『Volevo nascondermi』4★

英題:『Hidden Away』

部門:コンペティション(@Friedrichstadt-Palast)★銀熊賞(男優賞)

監督:ジョルジョ・ディリッティ

製作国:イタリア

https://www.berlinale.de/en/programme/programme/detail.html?film_id=202007198

 

現代美術の革命的な画家アントニオ・リガブーエの物語。スイス生まれのイタリア人移民であるトニは幼少の頃から精神の病を患い、怒りのコントロールができない。

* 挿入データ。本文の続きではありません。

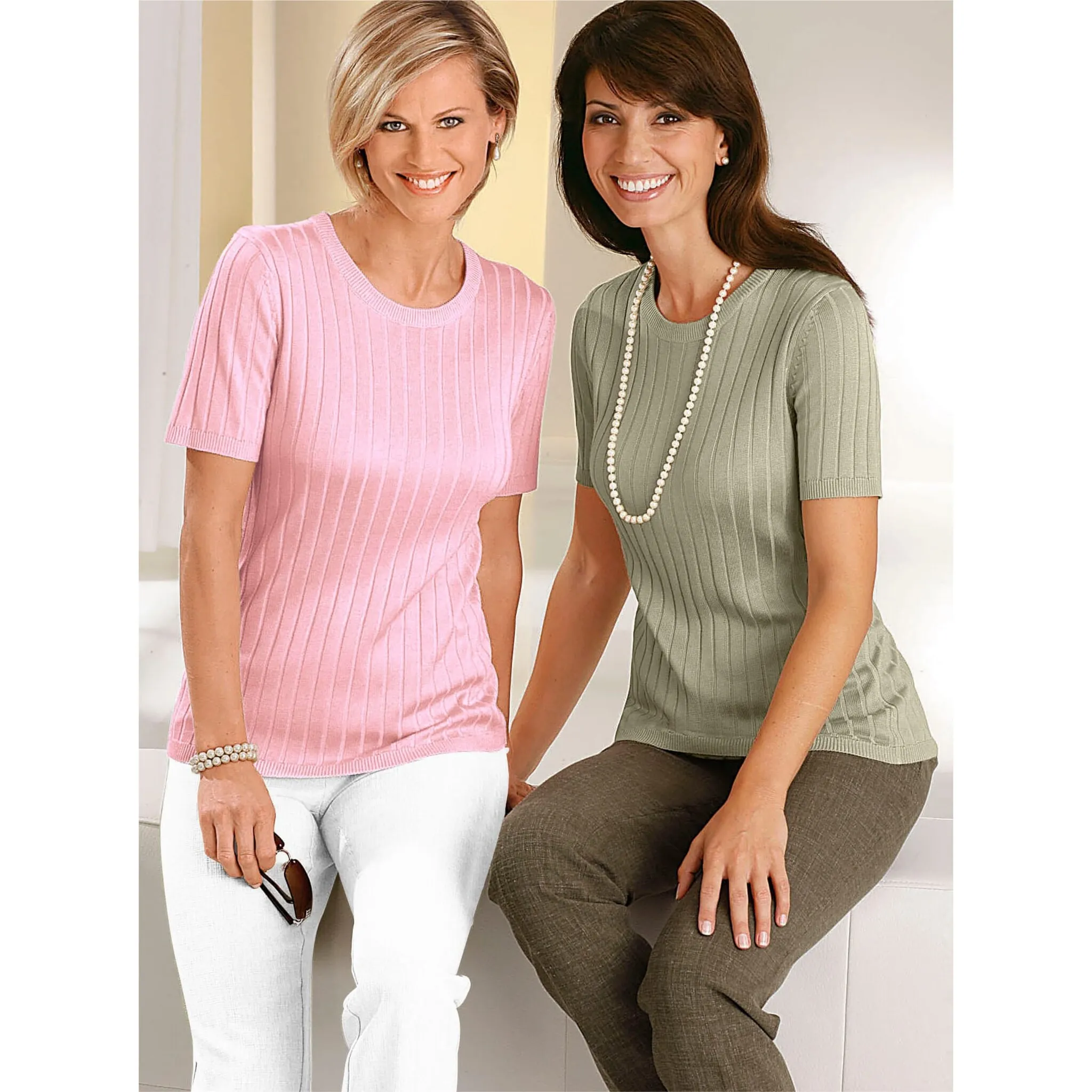 

Классический свитер с короткими рукавами "Пуловер" Classic, цвет Schilf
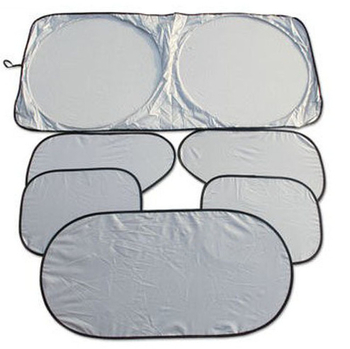 6-dijelni PVC set za sunčevu zaštitu automobila, teleskopska montaža, univerzalni prozori vozila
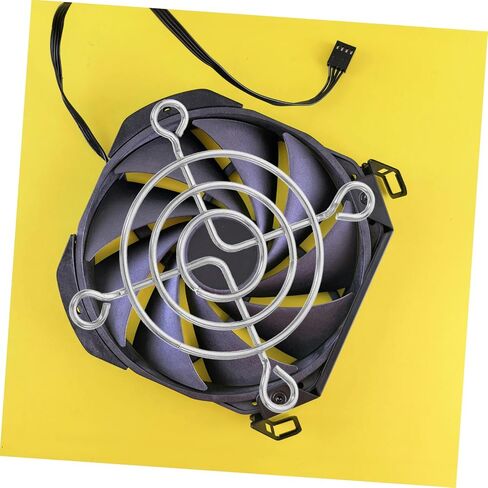 Ciieeo 2pcs Metal Exhaust Fan Grill Cover Wire for Cooling and Exhaust Fans Efficient Heat Dissipation Fit for Home and Industrial Use in Saudi Arabia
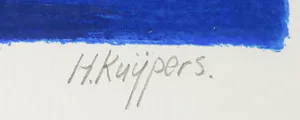 Henk Kuijpers - Zeefdruk, Nisaki - Ingelijst (Groot) kopen? Bied vanaf 1!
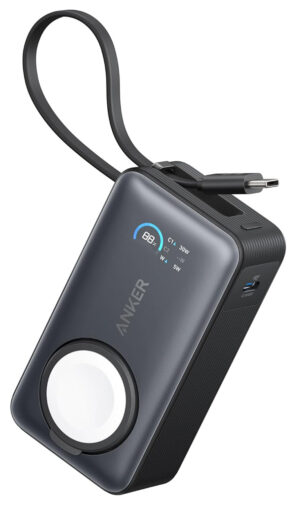 Anker MagGo Power Bank / 10000 mAh / With Apple Watch Charger / Built-in Type-C Cable / 35W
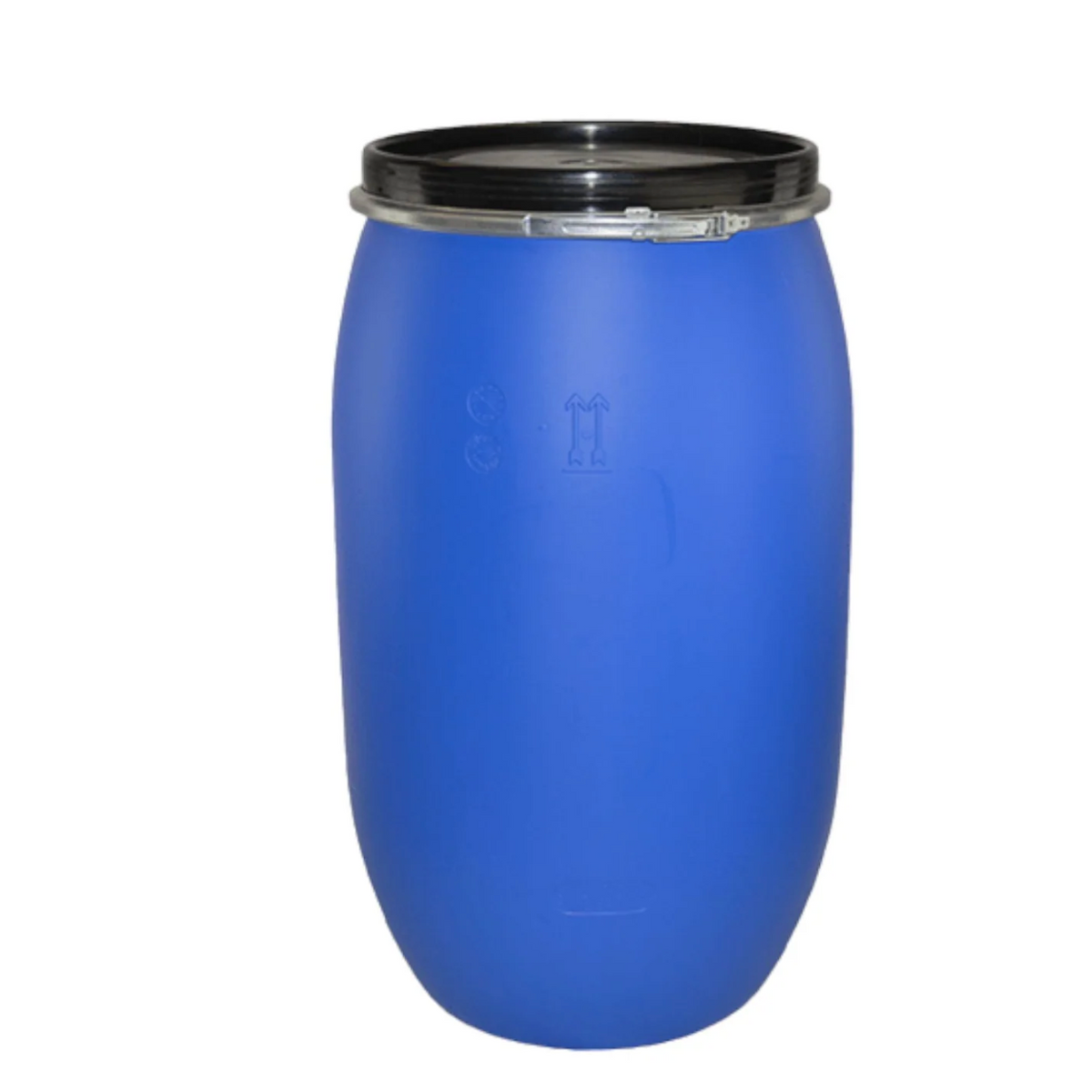100Lt Drum Clip Lid Royal Blue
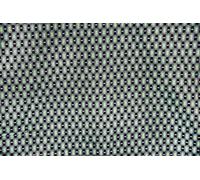 Green - 1 Fat Quarter (48cm x 58cm) | Hexagon Printed 100% Cotton Lawn Fabric Nainsook Linen Fabric, Linen Lawn Material Geometric Printed Weave Cotton for Dressmaking, Lingerie, Curtains, Dresses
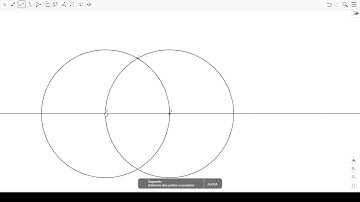 triângulo equilátero com régua e compasso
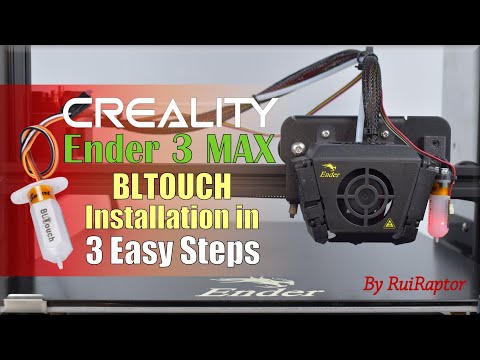 Creality ENDER 3 MAX BLTOUCH - How To Install in 3 Easy Steps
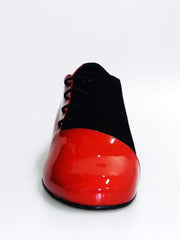 Load image into Gallery viewer, Wish Dance Shop Ms19 Vernice Rossa e Camoscio Nero
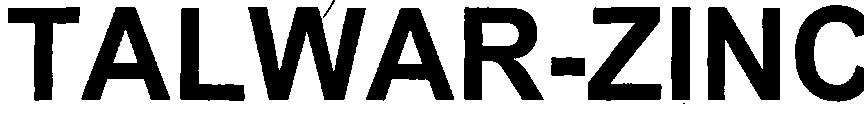 Talwar-zinc (device) Device mark 2410075 Trademark
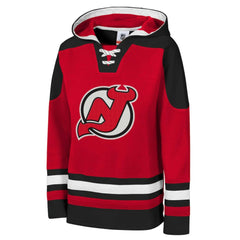 New Jersey Devils Youth Ageless Must Have Home V-Neck Pullover Hoodie Red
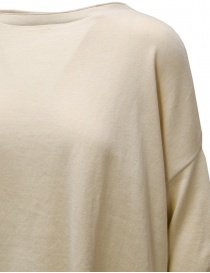 Ma'ry'ya T-shirt maniche a tre quarti in cotone beige Ma'ry'ya T-shirt maniche a tre quarti in cotone beige prezzo
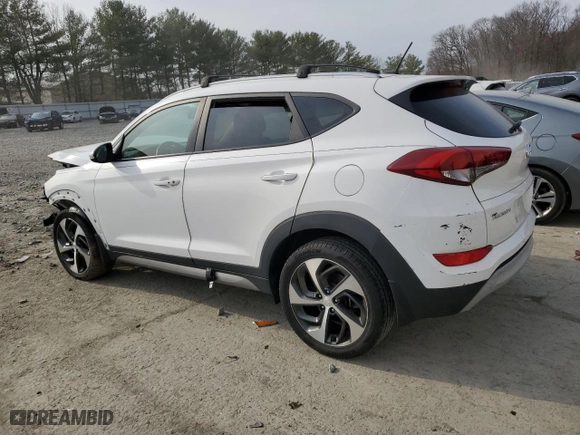 2017 Hyundai Tucson Sport with VIN KM8J3CA22HU279819, listed as a Copart auction lot 48795765 with 0 mi miles and Salvage Title. Bid and sale history available at carsss.com. Image 2.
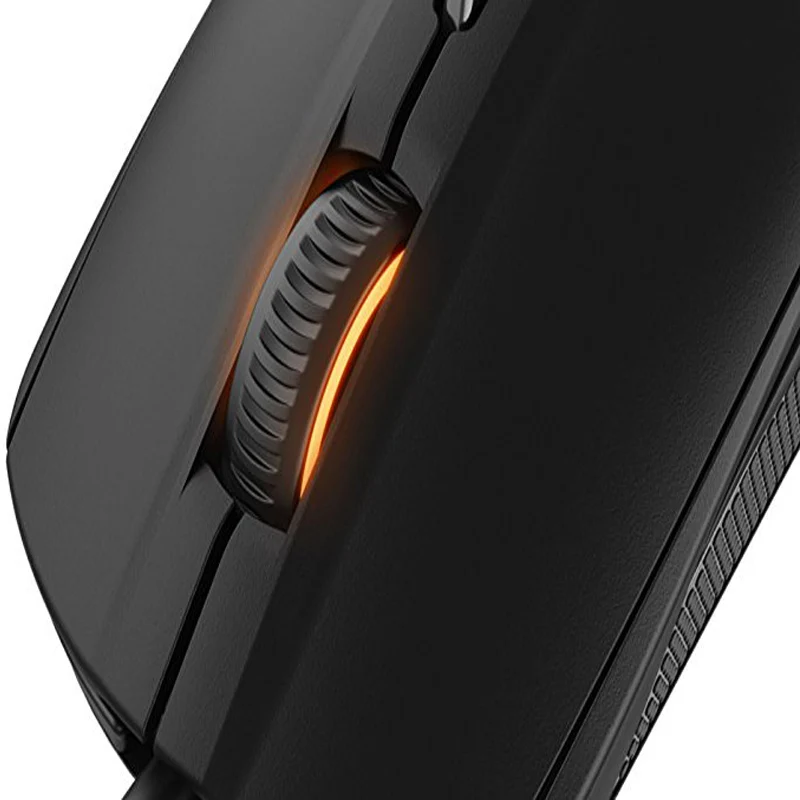  Brand New Steelseries Rival 100 gaming mouse RGB Backlight non-slip design 4000CPI For LOL PUBG - B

母親の死後に養子にだされるも、なかなか人々から受け入れられない孤独なトニは、制御できない感情を創作で表現する術を覚える。

 

前作は『やがて来たる者へ(2009)』の監督ともあり、正直なところあまり期待をしていなかった。画家の生涯を描いた有働無象の伝記映画かと思っていたが、そう単純ではなかった。

 

内面には溢れんばかりの、怒りや慢心、愛情をかかえ、それらが表に噴出した時の凶暴さは時に滑稽で愛くるしい。人に怯え、人を憎み、人愛した不思議な芸術家。

 

ファーストカットで真っ黒な布の中で縮こまり怯えていたトニが、ラストでは純白の装いで終焉を迎える。主演のエリオ・ジェルマーノが納得の銀熊賞(男優賞)を受賞。